## Problem details
Exact copies of the lines from the one holding "Хэтчбек Volkswagen Golf" through the last line of the entries below are to be printed, with pictures omitted.

──────── Task data ────────

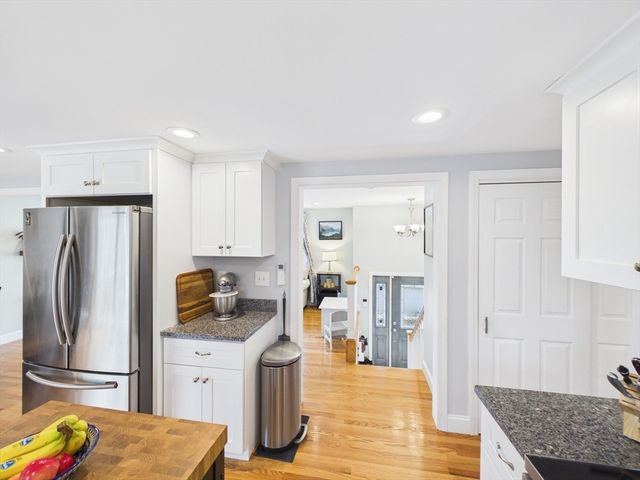 9 Black Brook Road, Easton, MA 02375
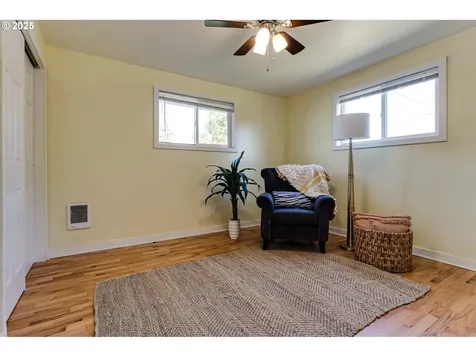 1080 E Jackson Avenue Cottage Grove OR 97424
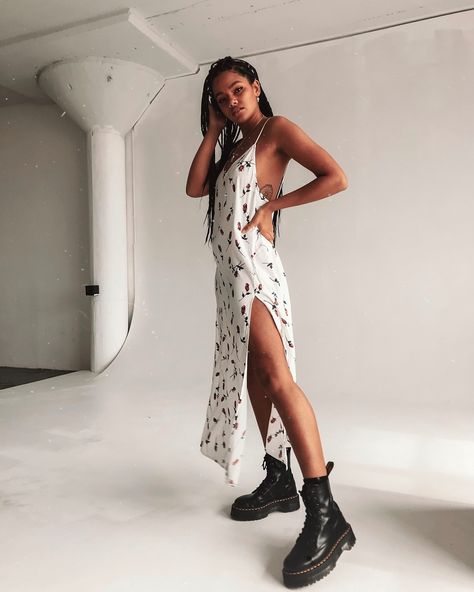 Our love for maxi's are real ♡ Motel Hime Maxi Slip Dress Cream Floral paired with our Dr. Martens Jadon Boots Black Polished || Tap to… Dress With Doc Martens, Dress Doc Martens, Cold Festival Outfit, Maxi Dress Outfit Fall, Doc Martens Outfits, Dress Outfit Fall, Maxi Dress Outfit, Indie Grunge, Dress Cream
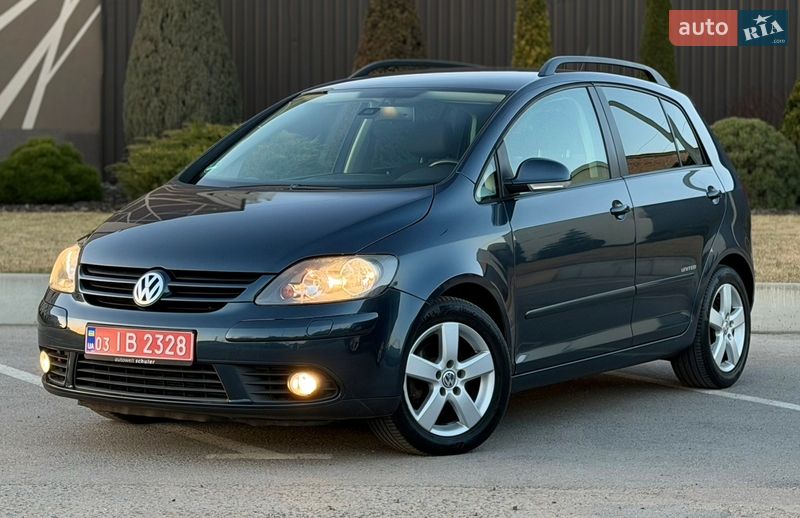 Хэтчбек Volkswagen Golf Plus 2008 в Запорожье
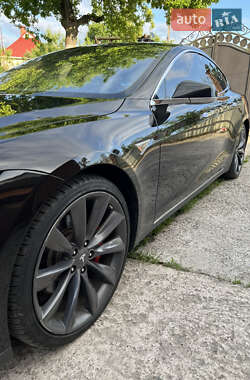 Ліфтбек Tesla Model S 2015 в 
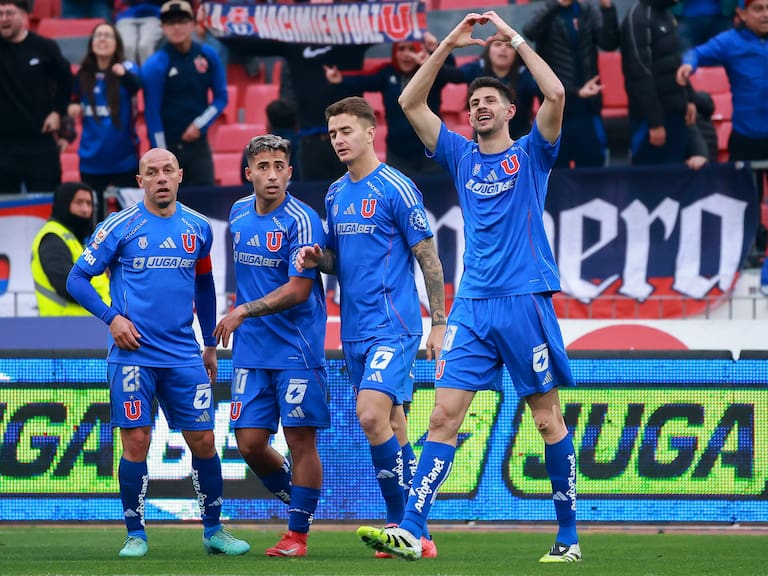 “Siempre estarán en mi corazón”: la despedida del máximo goleador de la U en 2025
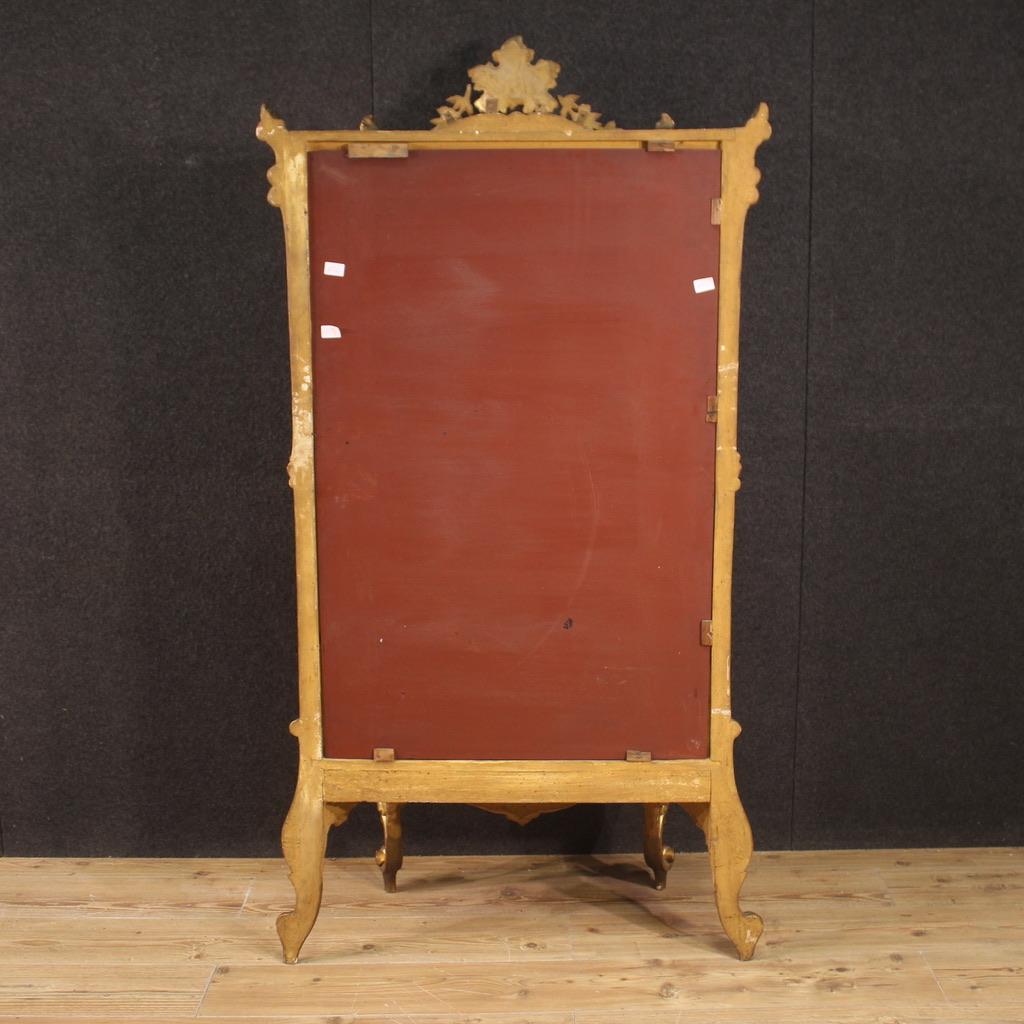 19th Century Gold Wood Italian Antique Rocaille Style Display Cabinet, 1870s For Sale 2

────────

## Result of the task
 Хэтчбек Volkswagen Golf Plus 2008 в Запорожье
 Ліфтбек Tesla Model S 2015 в 
 “Siempre estarán en mi corazón”: la despedida del máximo goleador de la U en 2025
 19th Century Gold Wood Italian Antique Rocaille Style Display Cabinet, 1870s For Sale 2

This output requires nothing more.